No entanto, Portugal pode – e deve – continuar a receber turistas, mas não qualquer turismo. O país deve posicionar-se como destino cultural, gastronómico e paisagístico de excelência, capaz de atrair visitantes exigentes, conscientes e que gastam mais. Esse é o turismo que vale a pena. O que fizemos no passado foi necessário porque éramos um país ainda sem reputação internacional para competir no segmento mais alto. Hoje já podemos aspirar a ser um fornecedor de serviços turísticos de elevado valor acrescentado.
Proponho uma moratória na abertura de novos estabelecimentos de alojamento turístico em centros urbanos e zonas residenciais (deixando em licenciamento livre as zonas rurais) que se destinem ao segmento médio e baixo do mercado, acompanhada de incentivos à requalificação da oferta existente. Esta proposta abrange pensões, hostels, parques de campismo e hotéis de uma estrela. A transição requer um cuidadoso planeamento municipal para minimizar impactos no emprego e garantir que os benefícios se estendem a toda a cadeia de valor do turismo.
Esta medida não é protecionismo – é planeamento estratégico. É uma forma de gerir recursos escassos com racionalidade económica e responsabilidade social. Amesterdão já adotou medidas para conter o chamado “turismo de festa”, limitando novos empreendimentos hoteleiros. Veneza restringe o número de navios de cruzeiro que podem visitar a cidade, algo que Barcelona também implementou. Deveríamos fazer o mesmo em Lisboa e no Porto.
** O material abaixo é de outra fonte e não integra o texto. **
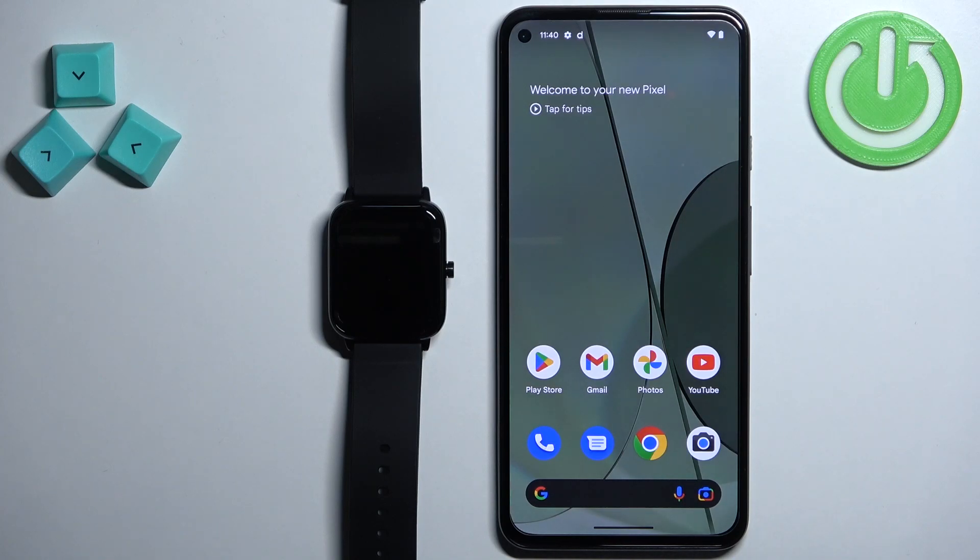Hello, in front of me I have the ZTE Watch Live and I'm going to show you how to install additional watch faces on this watch.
Críticos poderão argumentar que esta proposta elitiza o turismo, mas a realidade é que o turismo de massas também exclui – expulsa residentes, inflaciona preços nos locais tradicionalmente mais acessíveis e degrada a experiência para todos. A restrição proposta forçará o setor a posicionar-se no segmento mais alto, atraindo turistas com maior poder de compra. Este reposicionamento beneficiará toda a cadeia de valor, permitindo a recuperação do comércio tradicional e empregos mais bem remunerados no setor.
Portugal não precisa de mais turistas – precisa de melhor turismo. Está na hora de privilegiar a qualidade, proteger os residentes e apostar num turismo que deixe valor duradouro no território.